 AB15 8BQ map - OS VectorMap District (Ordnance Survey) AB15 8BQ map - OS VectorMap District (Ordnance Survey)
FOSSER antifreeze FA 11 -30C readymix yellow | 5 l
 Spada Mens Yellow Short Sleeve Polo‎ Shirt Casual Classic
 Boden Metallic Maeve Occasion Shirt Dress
_ _ _ _
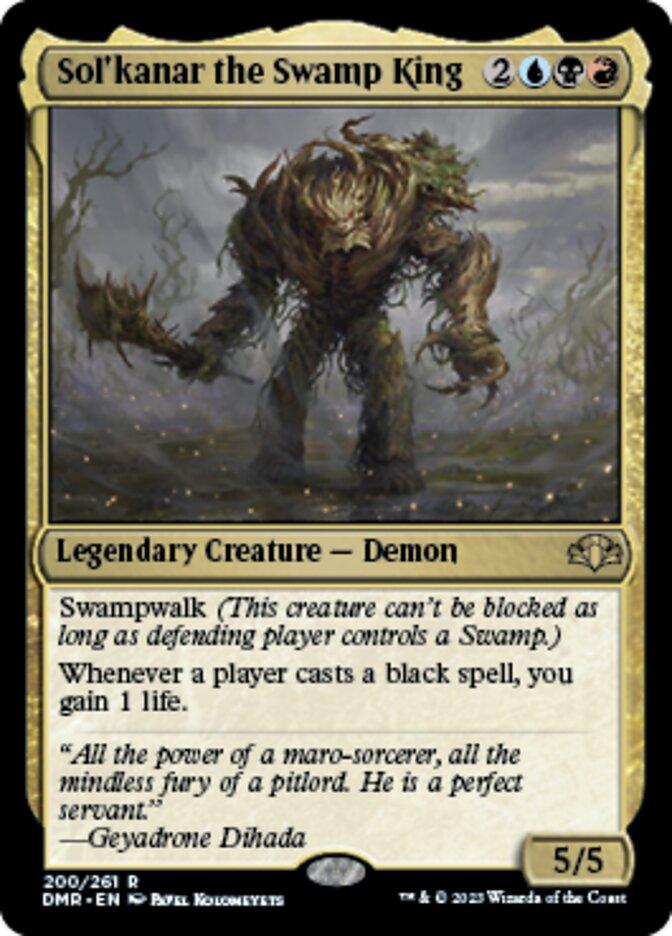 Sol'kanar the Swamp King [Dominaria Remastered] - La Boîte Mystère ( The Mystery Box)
_ _ _ _
=== Task to carry out ===
The required answer is the exact run of lines above starting at the line with "Spada Mens Yellow" and ending at the line with "Boden Metallic Maeve Occasion Shirt Dress", with both ends present.

=== Output below ===
 Spada Mens Yellow Short Sleeve Polo‎ Shirt Casual Classic
 Boden Metallic Maeve Occasion Shirt Dress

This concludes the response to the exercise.